Strange behaviour and issues with SD 2.1 on multi-gpu (4090) and xformers attention
Describe the bug
Hello!
Today I tried to setup SD 2.1 but have some trouble with more than one issue.
pipe = StableDiffusionPipeline.from_pretrained(
"stabilityai/stable-diffusion-2-1",
torch_dtype=torch.float16,
).to("cuda") # or cuda:0
together with
pipe.enable_xformers_memory_efficient_attention()
works in so far as it does produce senseful images. But it is very slow. Obviously the xformers attention is NOT really working. Surprisingly the inference is faster if commenting out that line:
pipe.enable_xformers_memory_efficient_attention() 100%|███████████████████████████████████████████████████████████████████████████████████████████████████████████████████████████████| 20/20 [00:04<00:00, 4.92it/s] 100%|███████████████████████████████████████████████████████████████████████████████████████████████████████████████████████████████| 20/20 [00:03<00:00, 5.40it/s] 100%|███████████████████████████████████████████████████████████████████████████████████████████████████████████████████████████████| 20/20 [00:03<00:00, 5.40it/s]
#pipe.enable_xformers_memory_efficient_attention() 100%|███████████████████████████████████████████████████████████████████████████████████████████████████████████████████████████████| 20/20 [00:03<00:00, 6.02it/s] 100%|███████████████████████████████████████████████████████████████████████████████████████████████████████████████████████████████| 20/20 [00:02<00:00, 6.72it/s] 100%|███████████████████████████████████████████████████████████████████████████████████████████████████████████████████████████████| 20/20 [00:02<00:00, 6.71it/s]

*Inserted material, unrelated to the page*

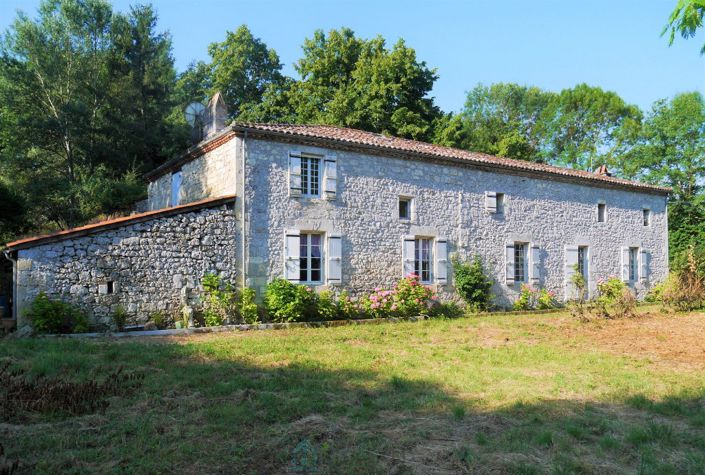 Image No.1-5 Bed Property for sale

If I change the cuda number from 0 to 1 or 2 the inference speed increases more than 4x but the images are all something like this

and the code stops in the 31st step with an error. It is interesting that it doesn't make a difference if one image shall be created with 50 steps (code stopping in step 31) or if I create four images with 10 steps each. Then three images are created and the 4th image generation is stopped in step 1. So all together 31 steps.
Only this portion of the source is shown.